L’anno prossimo saranno trascorsi vent’anni dalla scomparsa di uno di quelli che ormai umanamente si può annoverare fra i maggiori filosofi del novecento.
Levinas, ebreo di origine lituana, arrivò in Francia giovanissimo e si dedicò con profitto e talento agli studi filosofici in particolare modo approfondendo sia la fenomenologia di Husserl che il pensiero ontologico di Martin Heidegger. Proprio da Martin Heidegger, che il giovane filosofo riteneva uno dei principali pensatori del suo tempo, egli ricevette una terribile lezione: infatti Heidegger aderì al nazismo per diventare rettore di università e approvò le politiche antisemite dei tedeschi.
Nelle interviste e nelle riflessioni che Levinas dedica a questa vicenda traspare una profonda amarezza e si capisce come questo abbia poi inciso sul suo pensiero. Se da giovane aveva messo l’ontologia al primo posto, nella maturità elaborò una filosofia sì esistenzial-fenomenologica ma la concepì come una vera e propria antropologia nella quale sostiene con dovizia di argomenti che l’etica è precedente e prioritaria rispetto all’ontologia.
Levinas parla nelle sue opere dell’ ‘autrui’ (cioè dell’altro) ed in particolar modo nella sua essenza fondamentale e cioè lo sguardo ed il volto. Queste caratteristiche fanno capire come il dogma filosofico assoluto sia quello dell’imperativo biblico: tu non ucciderai, mai, per nessuna ragione il tuo simile. Questa antropologia porta poi ad elaborare una teoria dell’epifania cioè della manifestazione del volto altro come eterno imperativo etico.

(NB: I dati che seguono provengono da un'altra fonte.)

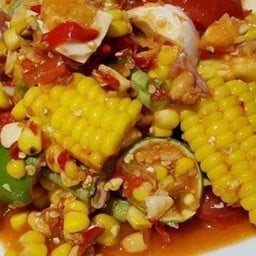 ส้มตำยำแซ่บ (ขนมจีนน้ำเงี้ยว)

Oltre che agli studi di filosofia teoretica Levinas si dedicò con particolare impegno agli studi di ebraismo ed in particolare di quell’ enorme mare magnum del Talmud. Per decenni diresse le settimane di incontro fra gli studiosi ebrei francesi. Molti hanno addirittura pensato date le basi antropologiche, di cui abbiamo fatto cenno, che Levinas avesse molto congeniale per la sua struttura di pensiero il mondo della Bibbia, in cui la prassi ed i valori etici sono la base del sistema religioso giudaico. Memorabili le sue letture del talmud cui venne introdotto da un maestro itinerante ebreo che conosceva dieci lingue e che girava l’Europa utilizzando come mezzo di sostentamento i proventi delle sue lezioni. Levinas non è mai stato particolarmente interessato all’ecumenismo mentre era un fervente sostenitore del sionismo e dello stato ebraico cui dedicò memorabili saggi.
Lo spazio a mia disposizione non consente se non di dare qualche semplice nozione di un cammino intellettuale durato cinquant’anni e che rappresenta, come dicono i più autorevoli dei suoi studiosi, una tipica espressione dell’ebraismo est-europeo che a Parigi ebbe circoli intellettuali di notevole spessore.
In attesa delle celebrazioni in suo onore diciamo, ebraicamente, il suo ricordo sia una Benedizione.